Das Gemälde Primavera von Botticelli ist wahrscheinlich eines der bekanntesten und berühmtesten Meisterwerke der westlichen Kunst. Hast du es aber schon mal ein wenig intensiver betrachtet? Was passiert wirklich in diesem göttlichen Frühlingsgarten?
Die Geschichte spielt in einem üppigen Orangenhain. Um die Akteure herum, blühen und sprießen hunderte von Pflanzen- und Blumenarten, die alle im April und Mai blühen. Ganz vorne auf der Wiese sind neun klassische Gottheiten abgebildet, lebensgroß und zum Teil nahezu nackt.
Die Perspektive, eine der wichtigsten Errungenschaften des Quattrocento, wird hier fast komplett ignoriert. Die Figuren stehen alle in einer Reihe, nur Venus ist etwas zurückgesetzt, majestätisch umrahmt von einem Bogen aus Orangenästen.
Amor, der Sohn von Venus und Merkur, schwebt über seiner Mutter.

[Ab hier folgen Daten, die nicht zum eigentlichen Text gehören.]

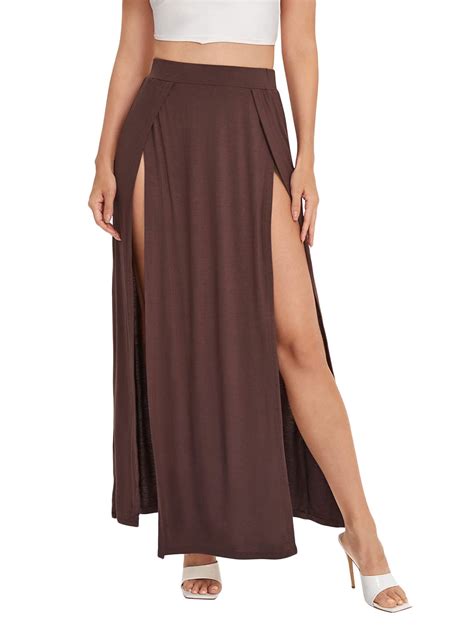 Womens Elastic High Waist Dresses Split Wrap Flowy Long Maxi Skirt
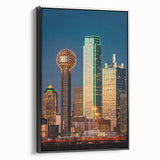 Black and white framed canvas of Dallas skyline, ideal for bedroom wall art.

Er richtet mit verbundenen Augen seinen Liebespfeil auf die drei Grazien, die zum Gefolge der Venus gehören. Daneben steht Merkur. Er vertreibt mit seinem Caduceus (Stab) die heraufziehenden Wolken und trägt ein Schwert, um die fröhliche Gesellschaft zu beschützten.
Die Harmonie der Szene wird auf der rechten Seiten dramatisch durchbrochen. Der Windgott Zephir, erkennbar an seinen geblähten Wangen, kommt im Sturzflug vom Himmel. Er dringt energisch, und ohne Rücksicht auf die Lorbeerbäumchen, in die Szenerie ein und packt beherzt eine leicht bekleidete Nymphe. Sie versucht panisch, aber vergeblich, dem Angriff zu entkommen. Neben dieser gewaltvollen Aktion flaniert vollkommen unbekümmert eine wunderschöne Frau in einem Blumenkleid und verstreut Rosen. Was ist hier los?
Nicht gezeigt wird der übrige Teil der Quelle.